Why a Data Story?
Articles and posts discussing DWDD often quote the same ‘givens’ about the programme. For example, that Matthijs van Nieuwkerk speaks very fast, that women are under-represented and that the programme was unique in the large number of topics covered, particularly in scientific areas. We can use data to test these assertions and see if the data backs them up - or perhaps challenges them.
A second reason for a data story is that it can be hard to get an idea of broader trends and traits of the programme by watching individual broadcasts. As the saying goes ‘you can’t see the wood for the trees’. Data offers a different perspective on the programmes, making it possible to spot trends and patterns that offer new insights.
The third reason to examine DWDD on the basis of its data is to explore the potential of that data. At Sound & Vision we have a treasure trove of content and metadata, and thanks to the technology developed in the Media Suite by the Clariah project, we have an unprecedented ability to explore and analyse this data. We are convinced that metadata offers us great opportunities, and a data story is one way of exploring these opportunities.
Working the Data
For DWDD, we have two types of metadata available. One type is the descriptive metadata that is manually entered by archivists and, more recently, by the broadcaster. For example, a short summary of the programme, lists of the people involved and their roles, and the topics discussed. The second type of data available is automatically created metadata, produced by software. This software can recognise who appears in the programme, who is speaking and what they say. It can also extract people, locations and subjects from the subtitles.
Unfortunately, we don’t have the same metadata available across DWDD’s full history. Fifteen years ago, when the show started, metadata was entered manually by trained archivists. Now, as the DWDD era draws to a close, metadata is predominantly obtained by automatic means. This transition began in 2014, so both types of metadata are amply present for DWDD programmes.
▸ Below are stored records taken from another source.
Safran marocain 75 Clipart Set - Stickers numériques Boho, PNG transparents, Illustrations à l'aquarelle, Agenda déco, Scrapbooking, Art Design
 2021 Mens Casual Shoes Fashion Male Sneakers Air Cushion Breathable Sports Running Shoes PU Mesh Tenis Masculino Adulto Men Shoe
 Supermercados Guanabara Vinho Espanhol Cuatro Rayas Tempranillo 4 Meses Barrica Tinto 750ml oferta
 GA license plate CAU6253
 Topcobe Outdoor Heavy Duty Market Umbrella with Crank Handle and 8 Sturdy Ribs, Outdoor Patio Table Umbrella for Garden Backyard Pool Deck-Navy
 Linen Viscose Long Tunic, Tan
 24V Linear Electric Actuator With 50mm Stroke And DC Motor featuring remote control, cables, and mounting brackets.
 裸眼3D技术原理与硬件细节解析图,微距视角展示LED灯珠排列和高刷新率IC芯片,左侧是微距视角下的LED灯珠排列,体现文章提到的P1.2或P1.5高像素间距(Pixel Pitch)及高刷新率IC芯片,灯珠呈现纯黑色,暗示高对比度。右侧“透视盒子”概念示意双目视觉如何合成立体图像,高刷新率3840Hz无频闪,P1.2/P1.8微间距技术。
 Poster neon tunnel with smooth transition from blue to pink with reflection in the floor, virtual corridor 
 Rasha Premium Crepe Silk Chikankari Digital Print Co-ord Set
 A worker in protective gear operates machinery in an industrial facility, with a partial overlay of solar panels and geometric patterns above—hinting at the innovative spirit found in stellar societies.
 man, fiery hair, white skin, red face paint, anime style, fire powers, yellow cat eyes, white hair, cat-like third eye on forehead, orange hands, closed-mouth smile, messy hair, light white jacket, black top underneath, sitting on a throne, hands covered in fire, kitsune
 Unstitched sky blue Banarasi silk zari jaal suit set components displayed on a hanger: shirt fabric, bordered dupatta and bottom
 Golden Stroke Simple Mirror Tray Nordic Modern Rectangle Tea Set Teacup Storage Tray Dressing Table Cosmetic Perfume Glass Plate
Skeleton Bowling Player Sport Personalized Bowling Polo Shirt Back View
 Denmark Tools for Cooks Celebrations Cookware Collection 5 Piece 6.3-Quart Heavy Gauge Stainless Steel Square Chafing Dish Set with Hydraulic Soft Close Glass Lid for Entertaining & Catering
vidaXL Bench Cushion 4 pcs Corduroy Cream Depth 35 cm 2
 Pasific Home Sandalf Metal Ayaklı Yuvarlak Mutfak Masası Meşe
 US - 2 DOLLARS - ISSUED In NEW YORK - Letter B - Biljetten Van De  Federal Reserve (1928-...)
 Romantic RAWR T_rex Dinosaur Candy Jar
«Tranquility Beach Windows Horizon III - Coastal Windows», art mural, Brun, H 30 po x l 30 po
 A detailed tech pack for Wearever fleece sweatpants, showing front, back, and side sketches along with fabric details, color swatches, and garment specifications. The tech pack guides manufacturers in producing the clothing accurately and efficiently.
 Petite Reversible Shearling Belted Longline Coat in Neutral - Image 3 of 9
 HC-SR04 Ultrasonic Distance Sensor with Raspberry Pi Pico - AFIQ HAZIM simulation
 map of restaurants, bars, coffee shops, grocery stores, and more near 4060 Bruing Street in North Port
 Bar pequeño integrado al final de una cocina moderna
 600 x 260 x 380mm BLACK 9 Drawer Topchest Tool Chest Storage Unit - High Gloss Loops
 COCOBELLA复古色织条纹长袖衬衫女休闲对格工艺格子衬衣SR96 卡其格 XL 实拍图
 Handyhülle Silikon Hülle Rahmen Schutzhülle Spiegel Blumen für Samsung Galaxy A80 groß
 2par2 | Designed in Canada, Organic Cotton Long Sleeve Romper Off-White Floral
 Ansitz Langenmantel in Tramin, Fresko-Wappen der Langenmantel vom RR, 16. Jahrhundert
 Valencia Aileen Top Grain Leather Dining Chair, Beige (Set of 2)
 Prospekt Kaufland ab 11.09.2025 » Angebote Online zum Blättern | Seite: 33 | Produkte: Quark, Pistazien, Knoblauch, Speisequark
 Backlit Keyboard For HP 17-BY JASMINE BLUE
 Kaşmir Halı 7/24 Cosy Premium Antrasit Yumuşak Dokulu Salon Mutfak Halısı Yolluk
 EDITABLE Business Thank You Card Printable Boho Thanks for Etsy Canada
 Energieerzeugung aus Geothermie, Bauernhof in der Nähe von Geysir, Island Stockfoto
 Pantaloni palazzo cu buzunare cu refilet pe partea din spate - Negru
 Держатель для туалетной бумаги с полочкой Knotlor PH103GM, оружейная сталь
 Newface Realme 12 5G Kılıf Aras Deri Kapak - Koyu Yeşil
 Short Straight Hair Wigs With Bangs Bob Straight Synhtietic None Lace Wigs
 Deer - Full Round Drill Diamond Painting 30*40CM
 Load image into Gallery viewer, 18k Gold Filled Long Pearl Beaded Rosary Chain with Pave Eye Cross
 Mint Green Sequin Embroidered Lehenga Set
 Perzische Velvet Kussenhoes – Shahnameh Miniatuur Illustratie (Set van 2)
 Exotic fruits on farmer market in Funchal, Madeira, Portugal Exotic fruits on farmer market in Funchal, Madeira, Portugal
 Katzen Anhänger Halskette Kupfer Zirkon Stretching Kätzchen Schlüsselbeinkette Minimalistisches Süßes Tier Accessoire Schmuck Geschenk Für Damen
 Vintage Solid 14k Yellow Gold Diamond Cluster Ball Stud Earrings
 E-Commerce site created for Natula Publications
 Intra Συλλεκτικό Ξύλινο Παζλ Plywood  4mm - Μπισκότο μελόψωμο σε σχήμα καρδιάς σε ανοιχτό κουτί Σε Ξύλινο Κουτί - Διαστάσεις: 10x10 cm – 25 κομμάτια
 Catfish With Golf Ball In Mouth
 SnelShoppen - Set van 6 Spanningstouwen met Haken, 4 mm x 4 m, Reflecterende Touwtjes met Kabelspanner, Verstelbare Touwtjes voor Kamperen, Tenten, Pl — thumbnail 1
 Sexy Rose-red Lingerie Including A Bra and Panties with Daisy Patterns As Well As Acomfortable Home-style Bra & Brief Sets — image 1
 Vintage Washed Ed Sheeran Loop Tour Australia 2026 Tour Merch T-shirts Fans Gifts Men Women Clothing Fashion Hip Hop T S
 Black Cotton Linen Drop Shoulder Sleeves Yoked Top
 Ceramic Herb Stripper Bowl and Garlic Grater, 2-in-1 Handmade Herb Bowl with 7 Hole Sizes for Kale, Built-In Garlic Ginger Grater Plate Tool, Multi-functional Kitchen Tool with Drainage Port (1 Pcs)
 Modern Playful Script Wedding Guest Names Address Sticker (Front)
Both types of metadata have advantages and disadvantages. For example, manual data about people appearing in the programme is highly accurate, but, due to the limited time available to the archivist, it is limited to the people deemed important at that moment in time. Speaker detection software, on the other hand, will pick up speakers not deemed famous at the time of broadcast, but who acquired such status later. However, the software cannot tell us if the person was a guest in the programme, a presenter, or simply appeared on a clip that was shown.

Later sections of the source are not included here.